Bronowski paints pictures with words of the likes I've not heard from anybody else, not even Carl Sagan. His words are spoken eloquently and with a wonderful precision. The only revelation to his Polish birth is that he consistently rolls the letter "R". A remarkable fact, related by the producers of this wonderful gem, is how Bronowski never worked from a script preferring to use his own volumnous stream of consciousness. What's sad about it is the fact that the demands of this production likely ended up killing him. During the production of the Easter Island sequence he had to be as much as carried around due to his feebleness. He passed away shortly after the program received its first airings.

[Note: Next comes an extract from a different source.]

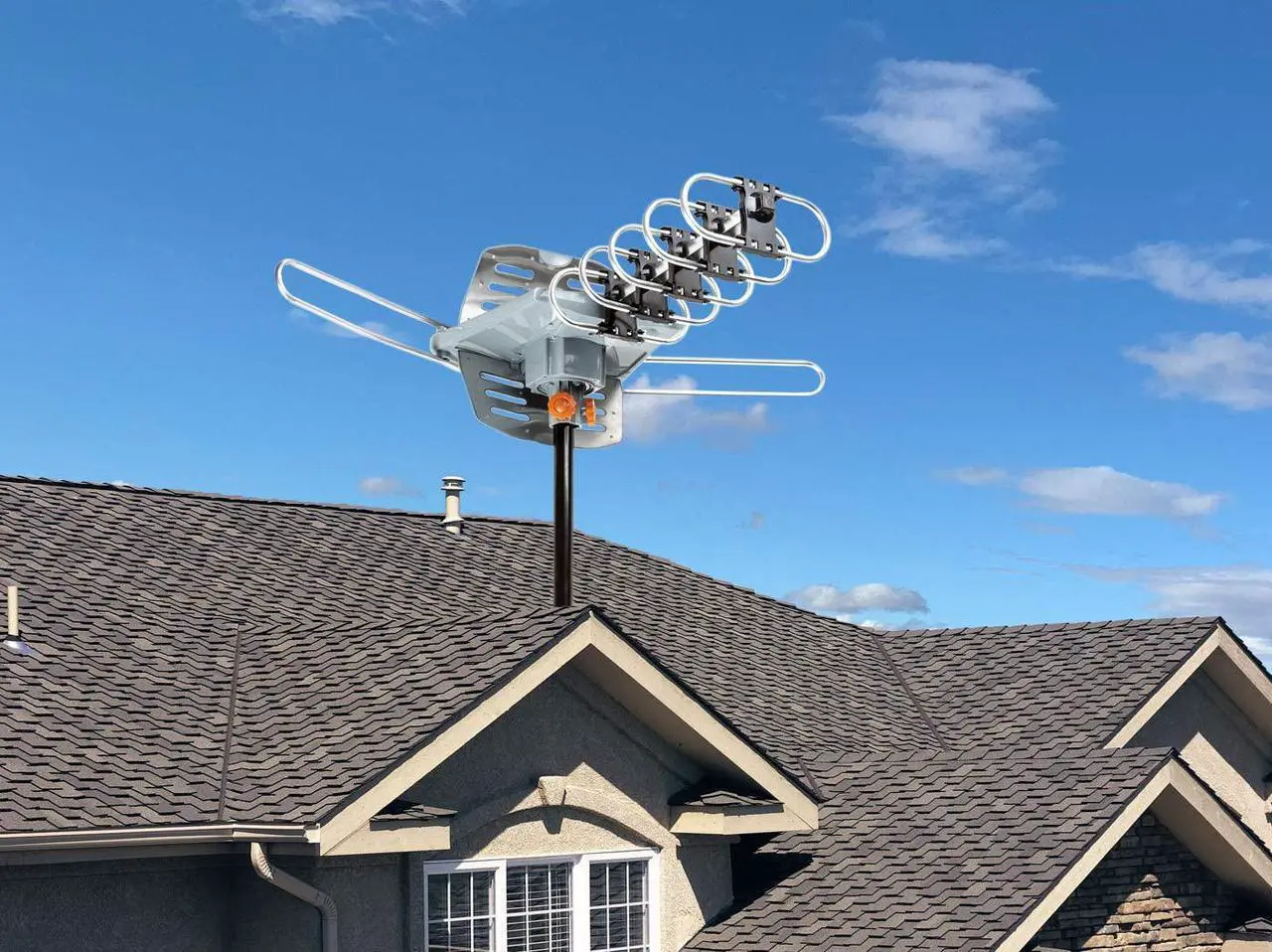 Alt view image 6 of 7 - Five Star Outdoor HD TV Antenna Strongest Up to 150 Miles Long Range with Motorized 360 Degree Rotation, UHF/VHF/FM Radio Infrared Remote Control with Mounting Pole & 40FT RG6 Coax Cable Support 2 TVs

For those science fans, if you've never seen this series, it is compellingly intelligent and insightful. It is an unforgettable intellectual experience.
I'd like to quote here the tag lines from episode 11, "Knowledge or Certainty". The episode combines the concepts of Heisenberg's uncertainty principle with that of the human element of the science endeavor in a way that only Bronowski could pull off. At the very end of the essay he is standing ankle deep in the pond at Aushwitz into which the ashes of so many lives were flushed. If only the people of this country would have heard, seen, and understood the following prophetic words, we might not be in the situation we are now.
It is said that science will dehumanize people and turn them into numbers. That is false, tragically false. Look for yourself. This is the concentration camp and crematorium at Auschwitz. This is where people were turned into numbers. Into this pond were flushed the ashes of some four million people. And that was not done by gas. It was done by arrogance. It was done by dogma. It was done by ignorance. When people believe that they have absolute knowledge, with no test in reality, this is how they behave. This is what men do when they aspire to the knowledge of gods.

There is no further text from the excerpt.